Air tankers can achieve a potential fire break with retardant, and even smaller fixed-wing aircraft have played an increasingly important role in recent years. But helicopters are the workhorses when it comes to fighting fires from the air. They are equipped with buckets that can scoop up as much as 600 gallons from a nearby pond or lake, and can make precise drops on individual hot spots.
Brett Taylor, who co-ordinates aerial firefighting for the Nevada Division of Forestry, told KOLO news: “They are much slower. They can stop. They can support just a single point as opposed to a big, long line like fixed-wing aircraft do. They can support the firefighters directly.”
Co-ordination and skill
That kind of work requires a lot of co-ordination and skill. The training will pay off later in a real fire situation – when things will be much busier and more dangerous, a primary mission of the Division of Forestry.

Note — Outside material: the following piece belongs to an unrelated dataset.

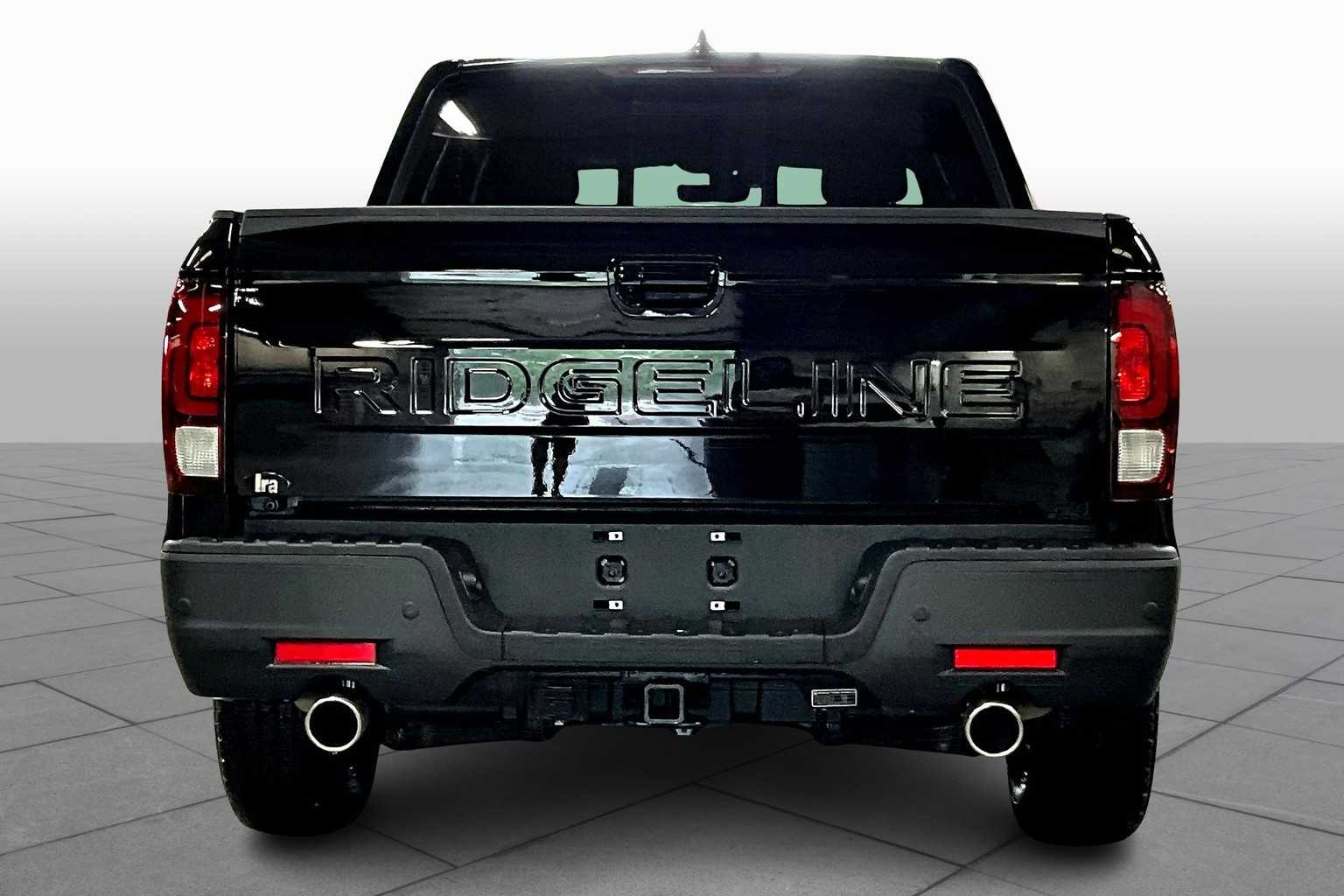 2025 Honda Ridgeline Black Edition photo 4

“A lot of people, especially in the Guard community, will tell you fighting fires is probably one of the most dangerous things we do, including combat,” said Pilot Craig Soule. “We put all the weight we can on it. We go into high-altitude and hot-temperature environments, which is hard for the aircraft to work in. We can have a couple of aircraft within a mile of each other, following each other around. Smoke blows in and makes the visibility bad. All kinds of changing things all the time.”